Il titolo Mago e gli Yukant incuriosisce molto, tanto è vero che mi sono immediatamente chiesta cosa fossero gli Yukant e chi potesse rappresentare questo fatidico Mago: ovviamente la lettera maiuscola mi ha fatto comprendere che l’autrice ha personificato l’immaginazione infantile attraverso un bimbo in particolare, tanto pargoletto e così tanto eroe in questa vicenda fiabesca. Gli Yukant sono gli abitanti di un paese che è stato scoperto per caso da Mago, i quali sono succubi di una dittatura creata da un fantomatico dio; su di loro regna una doppia schiavitù morale e materiale perché credono che sia impossibile cambiare lo status quo del loro villaggio e pertanto sono soggiogati da una statua di pietra raffigurante un viso cattivo.
Questa storia travalica i limiti di spazio e di tempo, dunque non sono specificati alcun luogo e nessuna epoca storica; per certi versi il lettore può interpretare questo testo come una fiaba, ove l’aiutante è Granbecco, un uccello dalle grosse piume d’oro – il volatile è anche il mezzo mediante il quale il bambino scopre nuovi mondi e inediti universi.

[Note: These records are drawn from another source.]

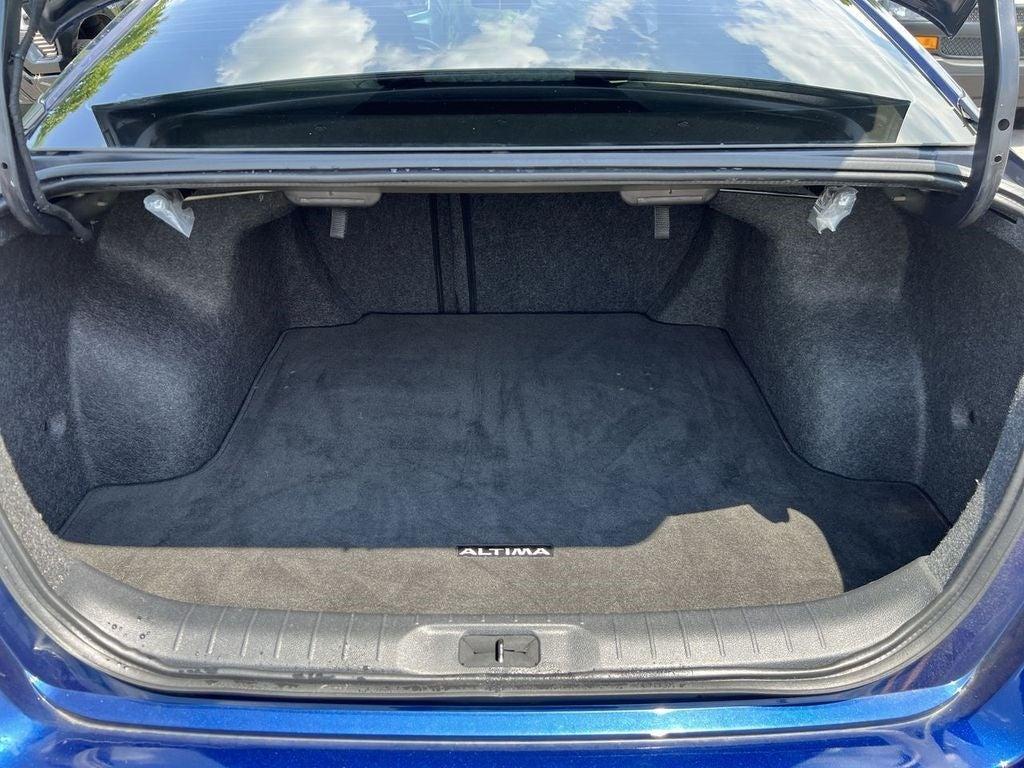 used 2022 Nissan Altima car, priced at $20,000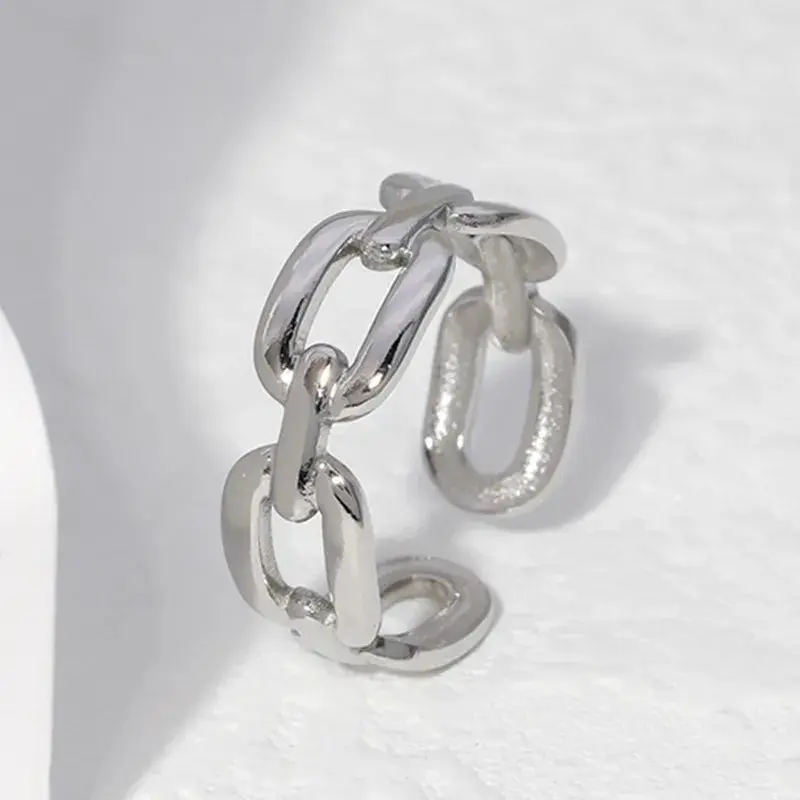 Simple Silver Link Ring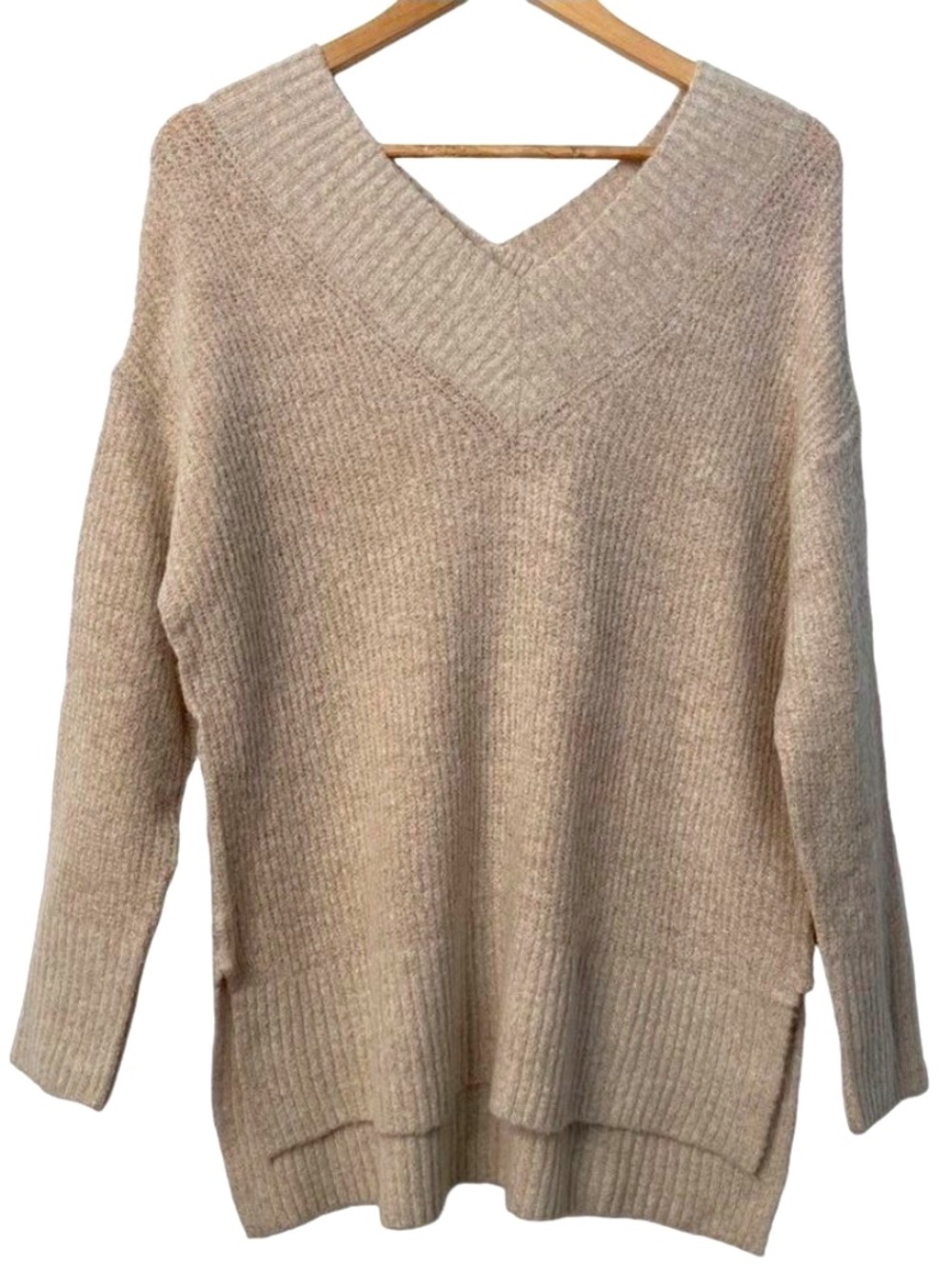 Guilty knit sweater beige V neckline/ back delicate sleeves size small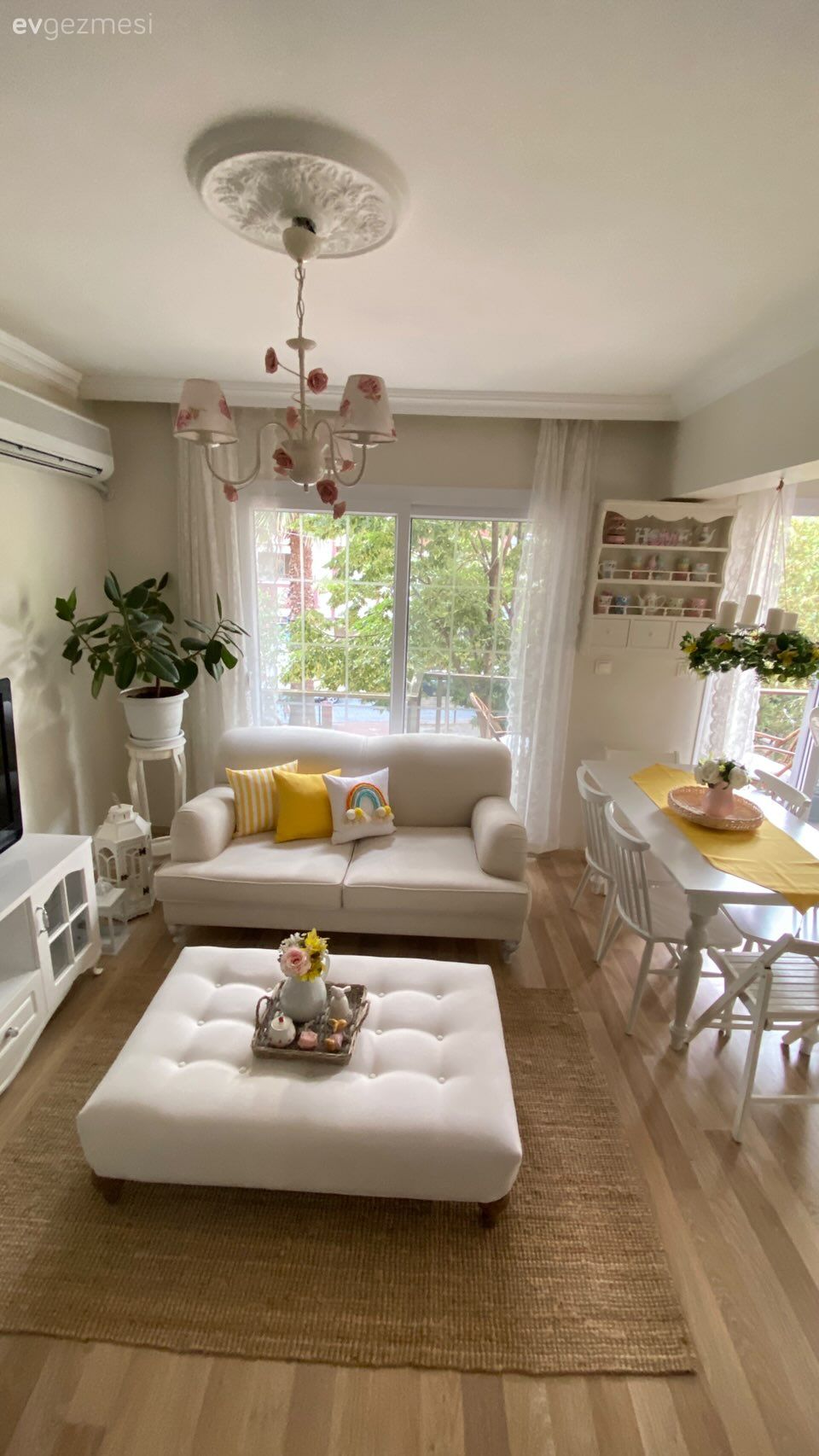 Salon, Country, Beyaz, Sarı, Koltuk takımı, Tv ünitesi, Jüt halı, Halı, Orta sehpa, Sehpa, Puf, Terek, Mutfak, Fon perde, Perde, Tül perde, Ev bitkisi, Yemek masası, Sandalye, Kırlent, Ev tekstili, Parke, Avize, Aydınlatma, Vazo, Ev Aksesuar, Tv ünitesi aksesuarları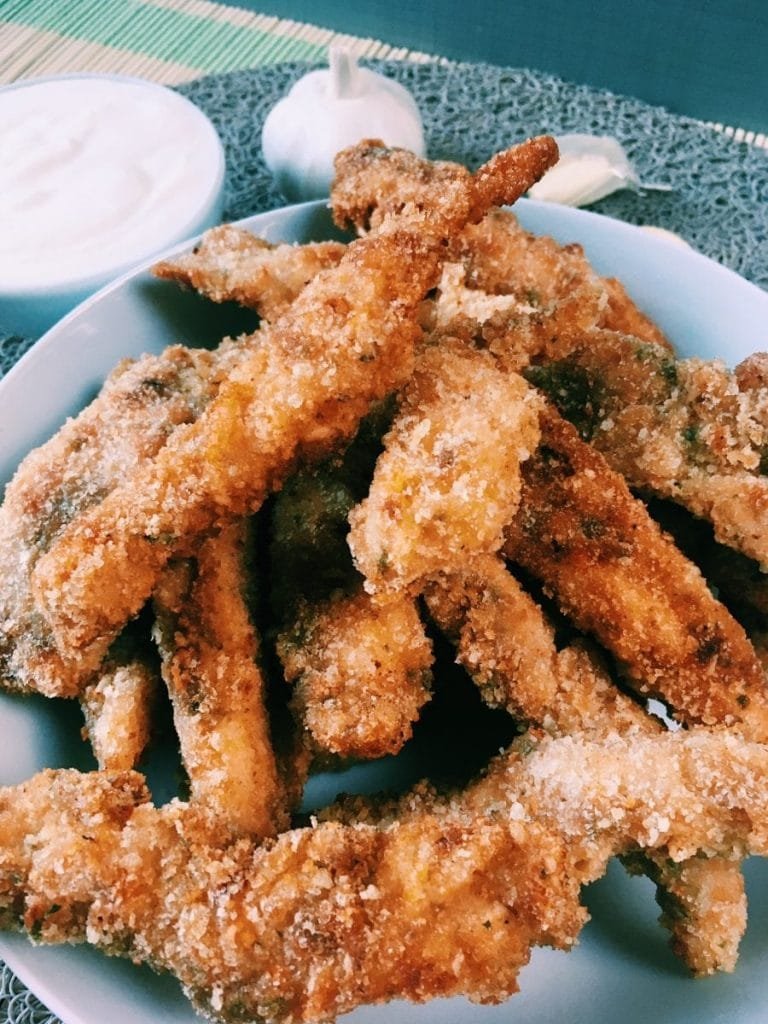 Chicken bites with garlic sauce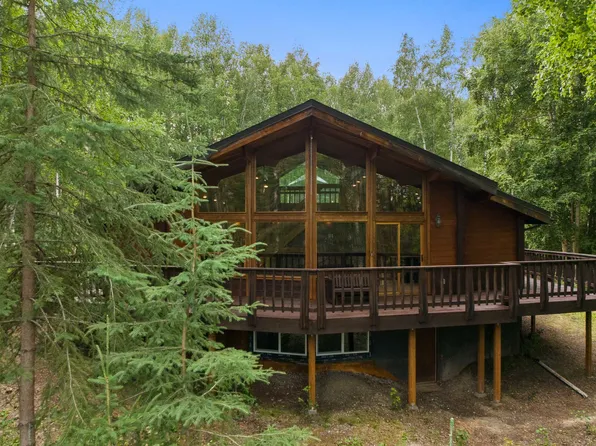 726 Goldfinch Rd, Fairbanks, AK 99709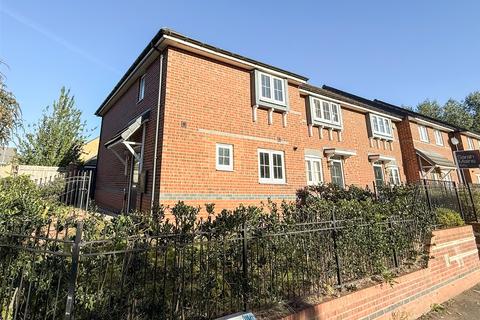 Derwentwater Road, Gateshead, NE8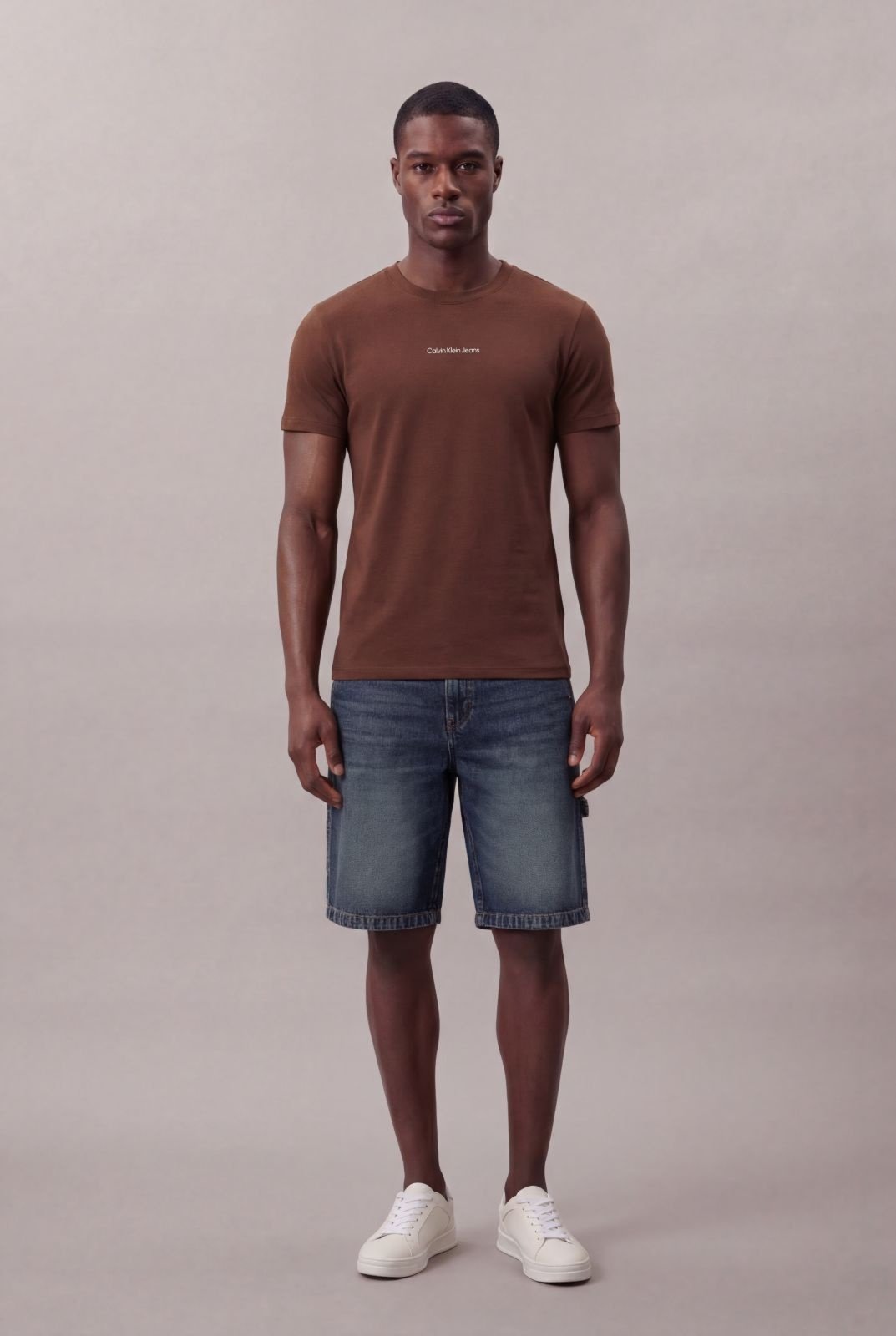 Camiseta Manga Curta Calvin Klein Jeans Masculino Logo Centralizado - Marrom Calvin Klein Jeans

Questa meritevole pubblicazione consta di due piani di significati letterari: il primo è quello denotativo, semplesso e di immediata fruibilità che ci consente di comprendere la vicenda narrata, mentre il secondo eleva l’opera a una metaforica connotazione, in quanto l’andamento narrativo potrebbe essere inteso al pari dell’immaginazione del protagonista o alla stregua di un sogno del nostro eroe; proprio in questo scarto risiede la forza esplosiva dei cantastorie, motore propulsore che mette a tacere la potenza distruttrice del nulla che inghiotte l’uomo in una sorta di alienazione meccanica del “pronto per l’uso” e della legge contemporanea delle informazioni preconfezionate e impacchettate “speedy and fast”.
Ho adorato la sana caparbietà di Mago che non accetta la svilente legge dettata agli Yukant e oppone ogni resistenza per contrastare quel regno dove quegli omini non hanno un’identità, le insperate idee si sfaldano e si sciolgono come neve al sole. Sorgerà l’alba di una nuova era?

Di certo non si rimane impassibili di fronte alle descrizioni che l’autrice con dedizione dona a chiunque si appresta a questo stile leggero e leggiadro; sicuramente è un libro che lascia il retrogusto della nostalgia dei periodi fanciulleschi, trascinando i lettori in quell’ambiente innocente dagli sguardi sorridenti. L’autrice ha pienamente raggiunto i suoi obiettivi, infatti bastano gli occhi vispi e furbi dei miei nipoti e la loro dolce curiosità per ricondurmi alle doti fiabesche di Martha Faë.

Cosa ne pensate? Vi piacerebbe leggere questo libro con i vostri bambini?